= Beginning of Section =
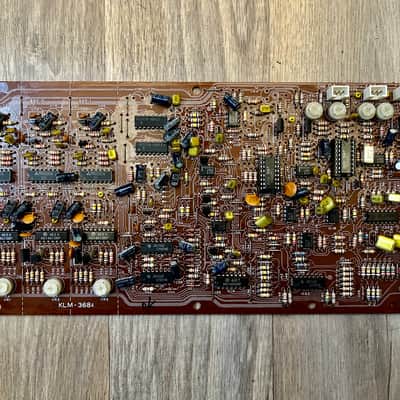 Korg PolySix FX Board KLM-368A NOT TESTED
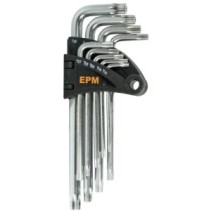 Komplet kluczy torx PROFESSIONAL 9 szt.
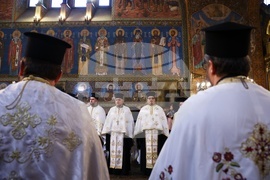 Aрхиерейски молебен за Деня на освобождението на София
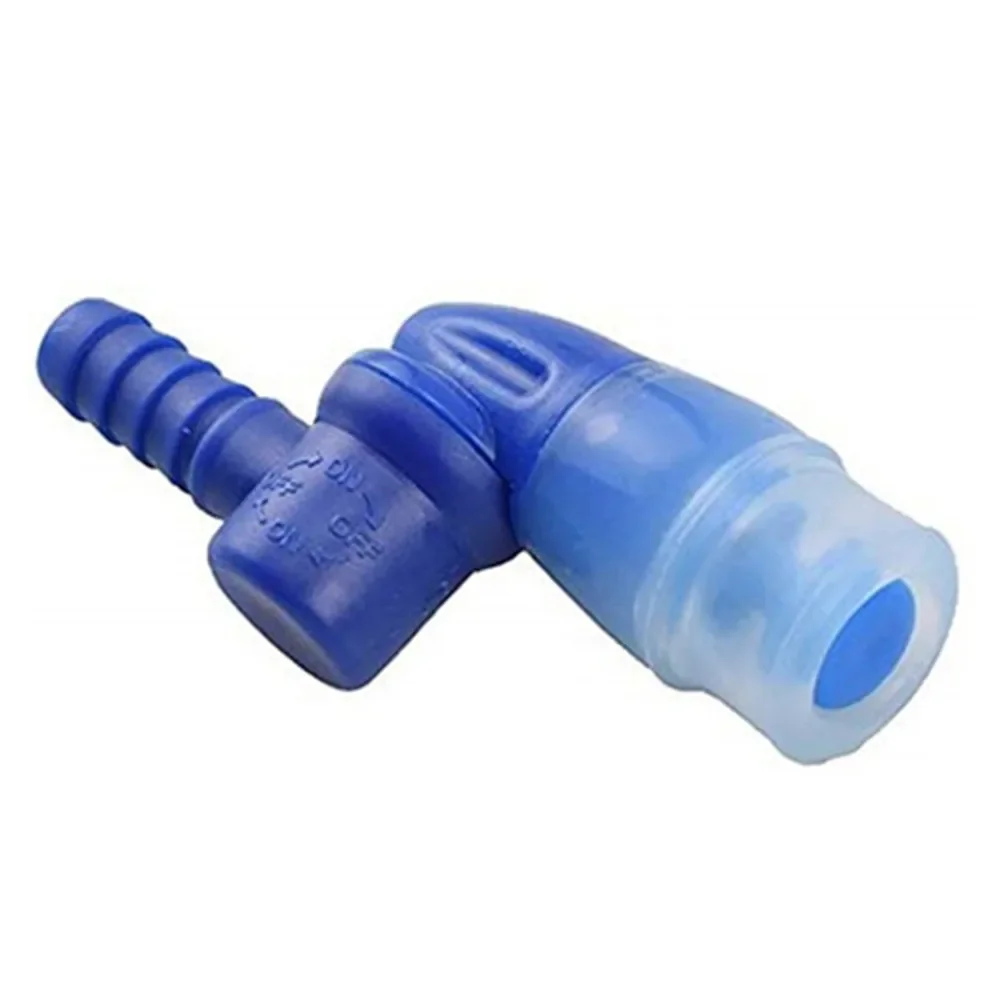 Outdoor Hydration Dringking Pack Bite Mouthpiece -=-Valve For Reservoir Water Bags 360° Swivel Switch Camping Hiking Accessories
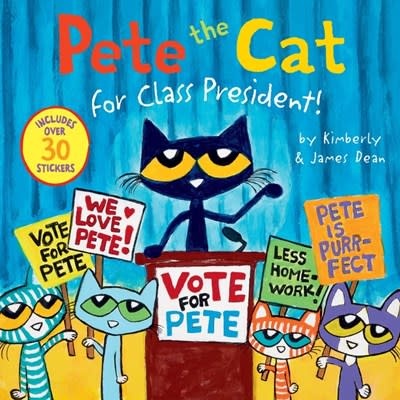 HarperFestival Pete the Cat for Class President!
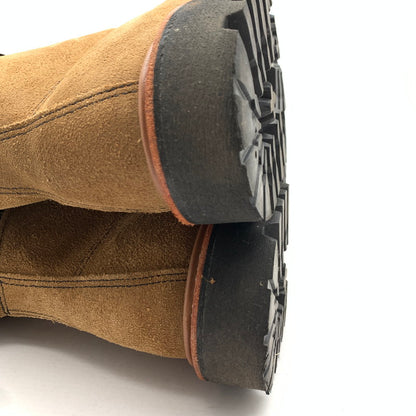 【中古品】【メンズ】 REDWING 2926 SAWMILL レッドウィング ソーミル オリーブモハヴェラフアウト アウトドアブーツ シューズ 靴 164-260628-gm-40-fuz サイズ：28.5cm カラー：ブラウン 万代Net店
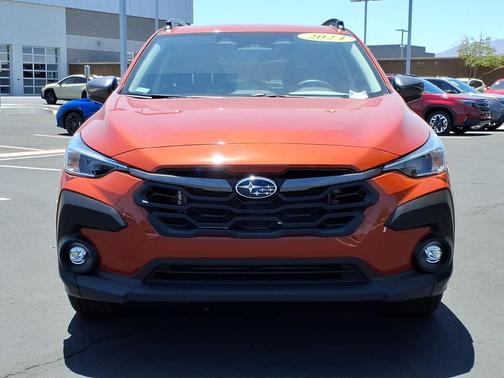 Sun Blaze Pearl 2024 Subaru Crosstrek Premium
= End of Section =
▶ **The problem**: Output exactly, and only, the lines running from the line containing "HarperFestival Pete the" to the last line of the entries above, omitting the pictures.

▶ **Response to the exercise**:
 HarperFestival Pete the Cat for Class President!
 【中古品】【メンズ】 REDWING 2926 SAWMILL レッドウィング ソーミル オリーブモハヴェラフアウト アウトドアブーツ シューズ 靴 164-260628-gm-40-fuz サイズ：28.5cm カラー：ブラウン 万代Net店
 Sun Blaze Pearl 2024 Subaru Crosstrek Premium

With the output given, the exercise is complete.